Stay tuned, dear blog readers. Stay tuned.

SWIMMING STUDIES: About Pools

Maybe because self is reading Swimming Studies, she starts looking up information on Land’s End and the Sutro Baths.

The magnate who developed Sutro Baths was named Sutro (Duh, but of course!).

Sutro Baths was the centerpiece of a resort bordering the Pacific. San Franciscans could get there by paying 5 cents for a trolley ride.

In a way, self understands what Sutro was aiming for, because her very own grandfather built a resort, right in the middle of sugar cane fields in Barangay Granada in Negros Occidental in the Philippines.
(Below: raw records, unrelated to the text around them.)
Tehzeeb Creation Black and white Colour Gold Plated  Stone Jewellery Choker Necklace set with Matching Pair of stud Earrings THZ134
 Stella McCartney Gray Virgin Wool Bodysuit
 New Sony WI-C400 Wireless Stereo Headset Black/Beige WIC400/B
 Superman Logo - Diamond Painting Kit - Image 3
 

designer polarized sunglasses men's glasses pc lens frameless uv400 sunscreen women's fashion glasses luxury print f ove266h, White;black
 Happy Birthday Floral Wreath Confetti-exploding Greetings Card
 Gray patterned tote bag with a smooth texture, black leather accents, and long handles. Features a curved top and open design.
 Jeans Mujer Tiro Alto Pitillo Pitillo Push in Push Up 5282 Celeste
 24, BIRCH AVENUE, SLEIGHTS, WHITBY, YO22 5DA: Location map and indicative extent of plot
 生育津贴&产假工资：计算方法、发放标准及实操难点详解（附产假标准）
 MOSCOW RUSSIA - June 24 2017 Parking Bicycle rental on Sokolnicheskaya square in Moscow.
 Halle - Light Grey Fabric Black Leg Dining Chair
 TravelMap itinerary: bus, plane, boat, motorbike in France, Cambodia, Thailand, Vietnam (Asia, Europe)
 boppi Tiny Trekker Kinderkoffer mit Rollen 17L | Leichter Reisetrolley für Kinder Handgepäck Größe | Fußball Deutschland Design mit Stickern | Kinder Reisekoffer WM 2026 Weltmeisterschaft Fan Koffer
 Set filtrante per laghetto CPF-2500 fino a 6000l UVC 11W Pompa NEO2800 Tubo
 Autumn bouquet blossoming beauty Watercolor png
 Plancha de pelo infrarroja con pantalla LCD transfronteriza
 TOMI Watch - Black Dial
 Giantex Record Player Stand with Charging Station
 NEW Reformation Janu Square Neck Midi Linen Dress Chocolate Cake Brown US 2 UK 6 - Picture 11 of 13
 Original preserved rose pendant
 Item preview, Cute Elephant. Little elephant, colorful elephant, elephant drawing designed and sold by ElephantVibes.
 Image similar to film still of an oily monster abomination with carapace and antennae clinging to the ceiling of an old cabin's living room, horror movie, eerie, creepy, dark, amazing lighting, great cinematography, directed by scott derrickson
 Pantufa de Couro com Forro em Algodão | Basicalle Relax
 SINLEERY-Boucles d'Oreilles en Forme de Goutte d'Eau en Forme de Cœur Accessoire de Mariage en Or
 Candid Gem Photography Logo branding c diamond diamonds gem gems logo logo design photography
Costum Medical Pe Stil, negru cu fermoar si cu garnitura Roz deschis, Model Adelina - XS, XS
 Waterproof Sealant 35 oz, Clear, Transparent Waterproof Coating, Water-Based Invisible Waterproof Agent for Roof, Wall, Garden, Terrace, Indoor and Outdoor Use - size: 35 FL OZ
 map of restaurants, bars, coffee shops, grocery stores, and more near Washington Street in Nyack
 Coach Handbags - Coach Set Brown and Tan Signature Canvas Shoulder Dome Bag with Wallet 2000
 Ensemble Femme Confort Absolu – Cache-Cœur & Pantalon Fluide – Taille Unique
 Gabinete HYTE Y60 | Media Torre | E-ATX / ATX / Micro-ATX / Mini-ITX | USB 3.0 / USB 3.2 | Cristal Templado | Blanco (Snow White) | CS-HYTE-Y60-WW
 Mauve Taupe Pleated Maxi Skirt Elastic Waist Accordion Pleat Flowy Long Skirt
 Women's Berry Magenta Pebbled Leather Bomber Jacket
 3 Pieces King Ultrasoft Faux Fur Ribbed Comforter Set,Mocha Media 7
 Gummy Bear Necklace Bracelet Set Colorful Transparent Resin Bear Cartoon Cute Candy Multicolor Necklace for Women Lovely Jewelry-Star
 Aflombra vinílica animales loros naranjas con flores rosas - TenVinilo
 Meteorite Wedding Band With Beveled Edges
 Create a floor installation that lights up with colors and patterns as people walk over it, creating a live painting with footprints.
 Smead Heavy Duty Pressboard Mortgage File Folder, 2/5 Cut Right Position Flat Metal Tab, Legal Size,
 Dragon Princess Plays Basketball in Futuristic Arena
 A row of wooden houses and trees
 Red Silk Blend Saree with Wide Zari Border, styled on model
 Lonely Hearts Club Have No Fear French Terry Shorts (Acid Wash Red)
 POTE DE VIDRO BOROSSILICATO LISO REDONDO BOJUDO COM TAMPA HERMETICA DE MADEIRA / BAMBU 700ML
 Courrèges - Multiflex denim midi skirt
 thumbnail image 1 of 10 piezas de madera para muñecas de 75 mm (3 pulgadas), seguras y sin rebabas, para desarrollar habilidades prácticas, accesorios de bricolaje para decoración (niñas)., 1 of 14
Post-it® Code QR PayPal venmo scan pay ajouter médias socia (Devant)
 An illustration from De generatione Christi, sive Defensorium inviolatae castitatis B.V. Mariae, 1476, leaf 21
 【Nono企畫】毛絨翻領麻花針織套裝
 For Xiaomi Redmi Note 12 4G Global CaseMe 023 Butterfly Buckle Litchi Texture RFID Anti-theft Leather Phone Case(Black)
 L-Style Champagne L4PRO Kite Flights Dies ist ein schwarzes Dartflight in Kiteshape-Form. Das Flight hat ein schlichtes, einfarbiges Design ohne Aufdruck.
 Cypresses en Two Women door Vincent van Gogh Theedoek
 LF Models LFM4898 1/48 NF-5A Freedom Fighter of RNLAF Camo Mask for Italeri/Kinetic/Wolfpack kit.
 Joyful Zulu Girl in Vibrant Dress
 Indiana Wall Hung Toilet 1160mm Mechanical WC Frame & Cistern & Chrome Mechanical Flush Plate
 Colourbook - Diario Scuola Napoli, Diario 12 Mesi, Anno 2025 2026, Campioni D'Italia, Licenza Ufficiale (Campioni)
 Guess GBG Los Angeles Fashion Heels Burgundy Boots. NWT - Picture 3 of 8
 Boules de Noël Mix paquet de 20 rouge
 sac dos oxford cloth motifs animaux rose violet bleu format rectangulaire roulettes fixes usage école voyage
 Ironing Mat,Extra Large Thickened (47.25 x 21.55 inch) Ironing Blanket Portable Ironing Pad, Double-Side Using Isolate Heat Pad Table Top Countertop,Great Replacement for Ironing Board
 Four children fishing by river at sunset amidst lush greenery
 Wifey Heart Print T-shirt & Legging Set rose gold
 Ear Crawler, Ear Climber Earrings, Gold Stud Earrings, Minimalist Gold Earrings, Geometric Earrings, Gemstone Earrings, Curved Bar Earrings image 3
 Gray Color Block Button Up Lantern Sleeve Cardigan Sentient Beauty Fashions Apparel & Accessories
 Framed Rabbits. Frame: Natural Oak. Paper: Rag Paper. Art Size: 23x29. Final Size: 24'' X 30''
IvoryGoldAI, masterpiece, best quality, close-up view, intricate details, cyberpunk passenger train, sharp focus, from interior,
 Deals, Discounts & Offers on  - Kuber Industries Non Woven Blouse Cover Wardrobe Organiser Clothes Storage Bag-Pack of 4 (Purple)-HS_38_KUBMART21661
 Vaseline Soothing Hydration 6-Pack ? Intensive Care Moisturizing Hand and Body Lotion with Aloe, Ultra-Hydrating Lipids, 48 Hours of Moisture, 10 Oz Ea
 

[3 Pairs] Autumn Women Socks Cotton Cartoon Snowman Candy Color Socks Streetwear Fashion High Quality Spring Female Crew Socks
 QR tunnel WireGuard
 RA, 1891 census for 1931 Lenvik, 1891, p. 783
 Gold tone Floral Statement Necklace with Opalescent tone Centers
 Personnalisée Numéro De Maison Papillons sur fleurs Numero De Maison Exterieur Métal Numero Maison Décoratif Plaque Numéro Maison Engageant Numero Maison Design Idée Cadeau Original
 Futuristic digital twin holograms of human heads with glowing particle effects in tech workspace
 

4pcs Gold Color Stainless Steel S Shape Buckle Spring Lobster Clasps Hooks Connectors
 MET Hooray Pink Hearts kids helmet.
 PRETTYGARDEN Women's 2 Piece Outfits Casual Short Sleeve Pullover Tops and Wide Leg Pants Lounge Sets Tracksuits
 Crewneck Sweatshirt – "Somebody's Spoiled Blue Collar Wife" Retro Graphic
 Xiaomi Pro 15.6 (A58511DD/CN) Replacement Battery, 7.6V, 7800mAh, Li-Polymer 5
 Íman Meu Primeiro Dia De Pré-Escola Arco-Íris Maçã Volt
Self’s grandfather, like Sutro, was a populist. The most loyal patrons of Santa Fe Resort are workers. The entrance fee is still ridiculously low because self’s family understands the demographic: the patrons come from the surrounding fields, workers wanting a break. It was called Santa Fe because her grandfather loved American westerns. In addition, he had a huge crush on the American swimmer/film star Esther Williams, so there’s a statue of her in Santa Fe, in Barangay Granada.

Self’s grandfather built an Olympic-size pool which remains a major draw to this day: It was the first, and possibly still the only, Olympic-size pool in the Philippines.

Who does that? Who has such a crush on Esther Williams that he builds an Olympic-size pool in the middle of an island. Not only in the middle of an island, in the middle of sugar cane fields.

When journalists come to write about self’s island, they never mention Santa Fe Resort. It’s such an eccentric thing, the location. The fact is, it’s nowhere near a beach. Consequently, there is no tourist traffic. There are no Chinese, Japanese, South Korean, American or Europeans. In Santa Fe Resort, you will encounter Filipinos. Just Filipinos.

It is a resort built by a man who only got a high school education. A resort for the people who live within a few kilometers, who are from that place.

Self spent every summer of her childhood there.

Sometimes she wonders if those summers were the reason she is a writer now. Because, her grandfather showed her: you can do anything, if you use your imagination.

It is a terrible thing is to have no imagination, to have your dreams stay small.